When asked by her stepfather how they were getting along, Shasha used
the word ``combative'' to describe the youngster, Cason said.


 Still, Shasha said she tried to help. Shasha introduced her to the mall
and Metrorail, while the girl showed her how to stack pots -- one of
many chores she had mastered while living with the Pompees.
 ``I felt really bad for her,'' Shasha, 13, said. ``Nobody should go
through the pain she went through.' Every week, Odom said, she would
take her to get her hair done. ``You should have seen my baby, she was
pretty,'' Odom said. But after a couple of months, more problems arose.
Attached to Odom, the girl would call her 15 times a day at work, asking
when she would come home, Cason said. She demanded one-on-one attention.
 At the same time, authorities began to doubt her story, saying she gave
 conflicting information, including tales of sex with neighborhood
children and sneaking out of the house in the middle of the night to
meet boys.


 Odom said the different stories may not have been the girl's fault.

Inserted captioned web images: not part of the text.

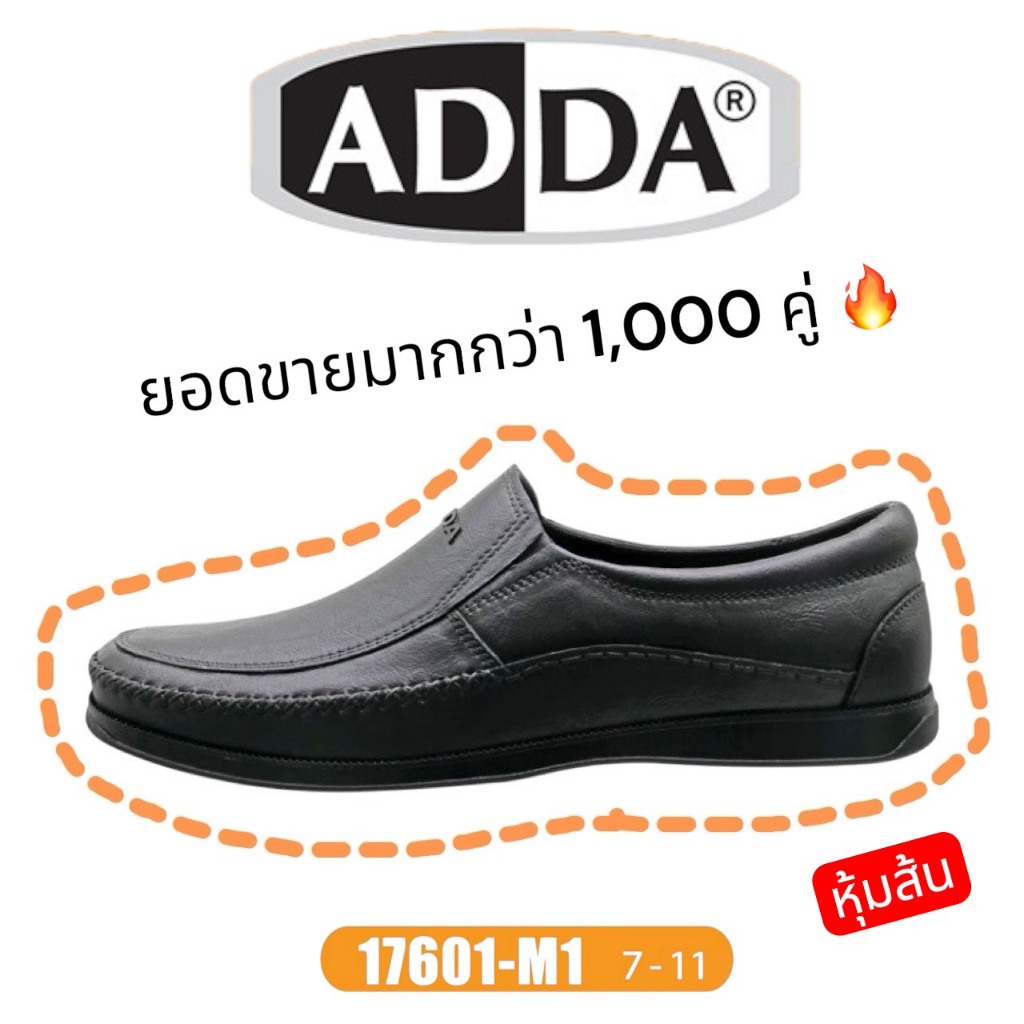 รองเท้าคัชชูหนังสีดำผู้ชายราคาถูก หุ้มส้น รุ่น 17601 ยี่ห้อ ADDA(แท้100%) สั่งผลิตจากโรงงานโดยตรงใส่ทำงาน ใส่เรียน สมัคร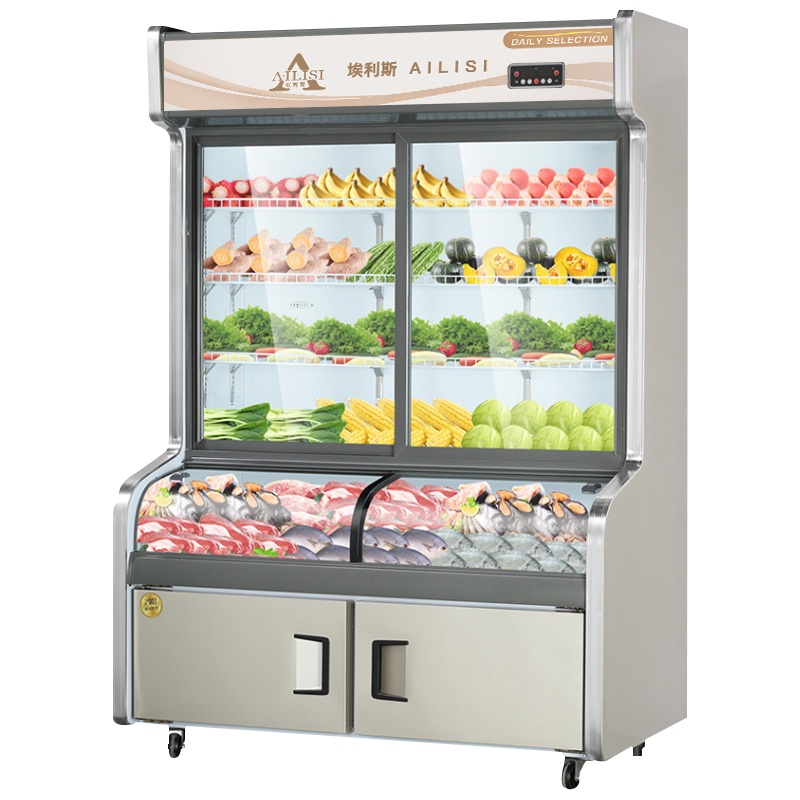 埃利斯(AILISI)1.4米点菜柜展示柜三温 冰柜冷柜 立式保鲜麻辣烫柜冰箱 冷冻冷藏柜HY-1400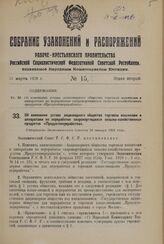 О переименовании аула Самуркент Кумтор-Калинского района Дагестанской АССР. Постановление ВЦИК 1 декабря 1937 г. 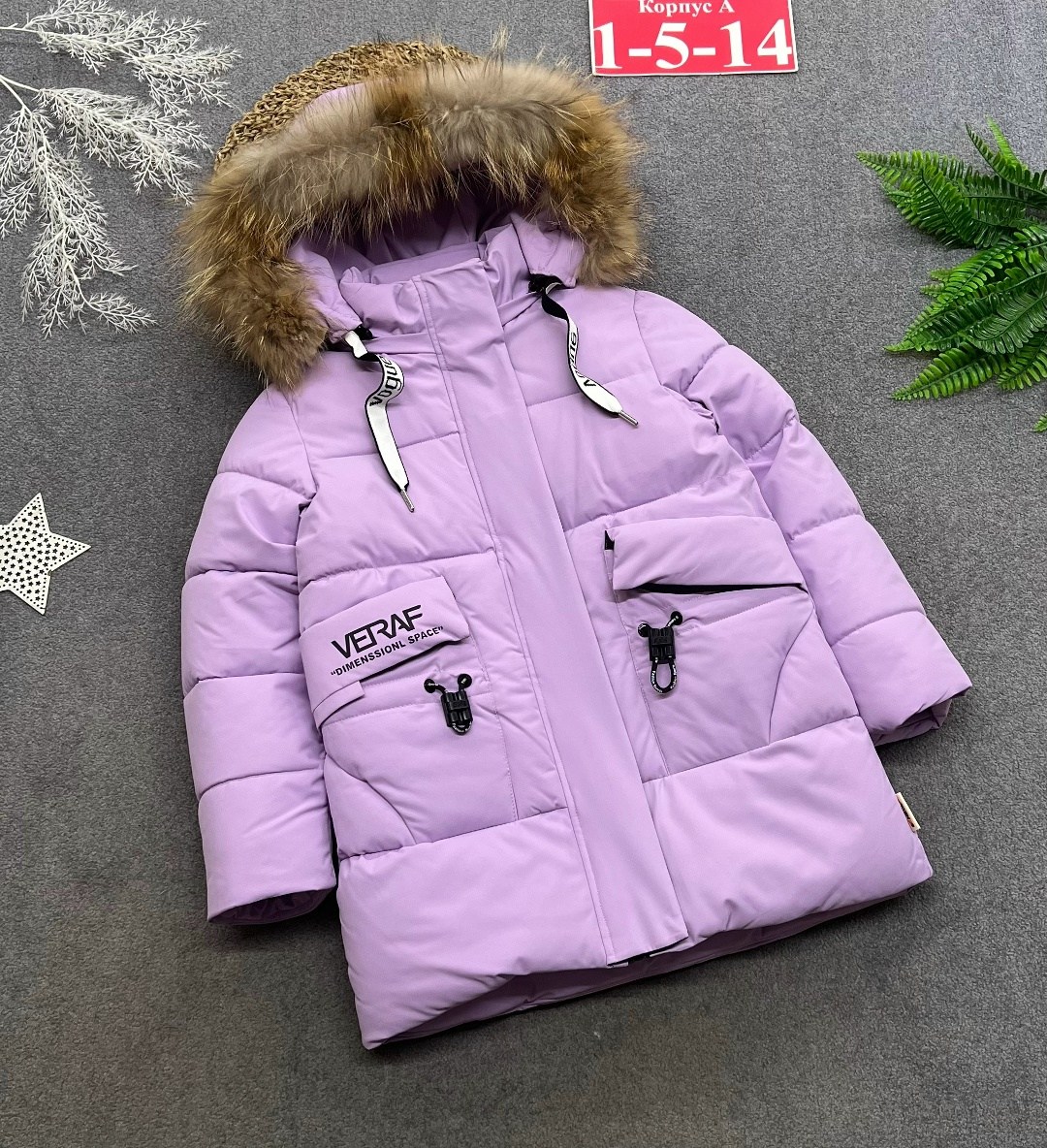 зимние куртки для девочек,детская куртка зимняя,куртка зимняя,куртка детская,куртка детская зимнее для девочки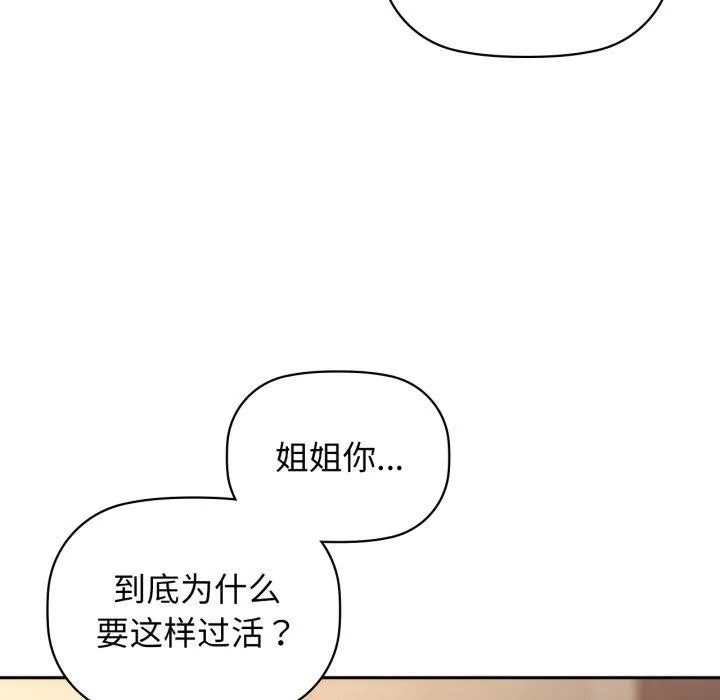 咖啡因 - 第64話 - page 34
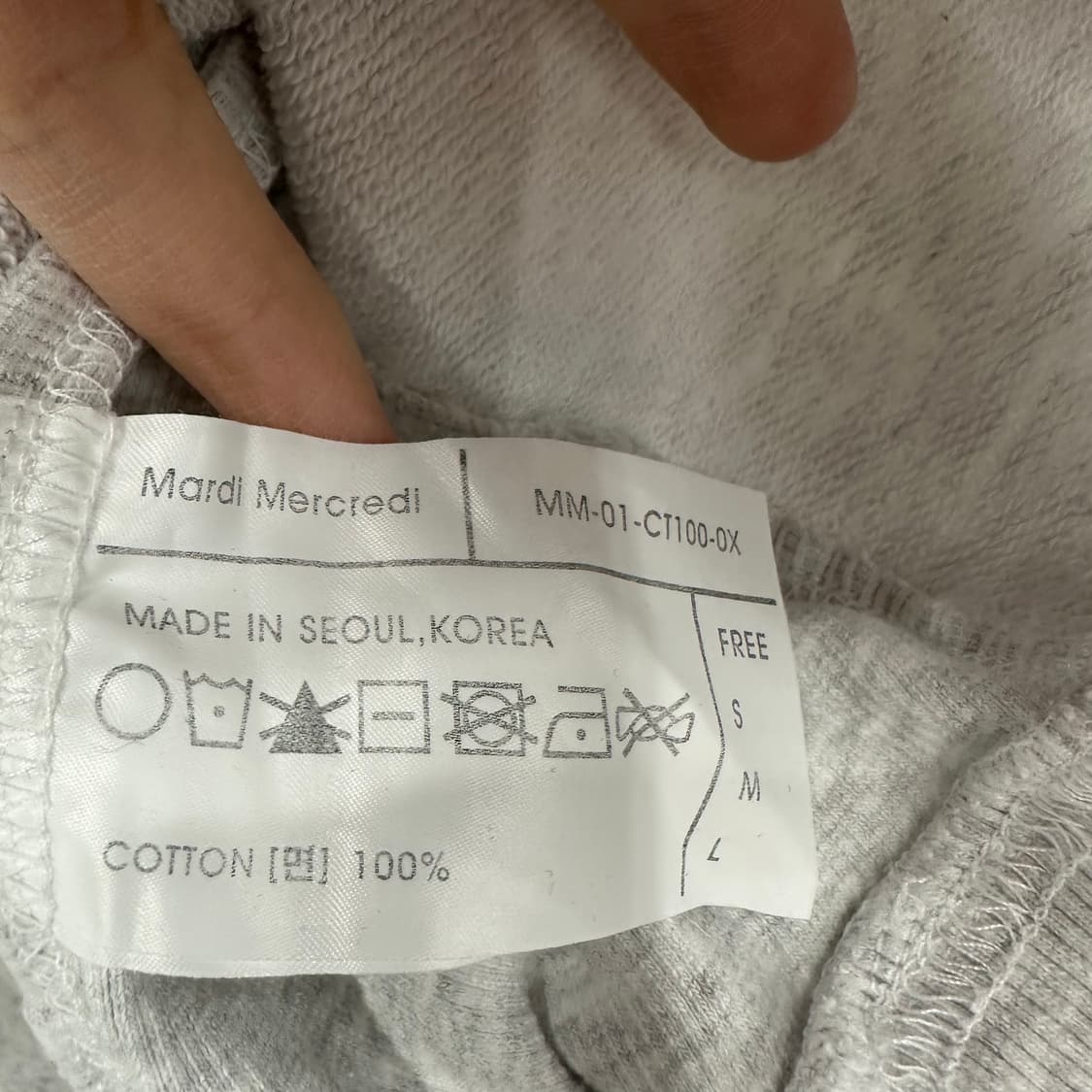 FREE 마르디 여자 루즈핏 맨투맨 상품이미지4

Although a doctor dismissed her suspicion that the girl suffered from a
multiple-personality disorder, Odom said she acted as if she were two
different people. ``What I mean is someone would give her a gift and she
would be thrilled and happy,'' Odom recalled. ``Then we would get home,
and just like that this other person would emerge. `Who gave me this? I
am not a charity case,' she would say. She would even hide things from
herself and not remember where she put them.' The last time Odom saw the
girl was in March. The girl broke down in the shower at the Odom home,
crying hysterically about losing her hair. The youngster, who was on
medication to control hallucinations, also cried that she was hearing
voices. ``She was crying and holding her head. `These voices, these
voices,' she kept saying,'' Odom said. `` `I don't want to do what they
tell me to do.' I asked her, `What are they telling you to do?' `They
tell me to kill.' '' Odom immediately took her to Jackson Hospital. Odom
said she was advised by a doctor that it was unsafe to bring the girl
back into her home, and the child was returned to state custody. But
even with that diagnosis, Odom still wants her back, she said. In the
beginning, the girl called every day, Odom said: ``She would say,
`Mommie, I want to come home.' Now she never calls.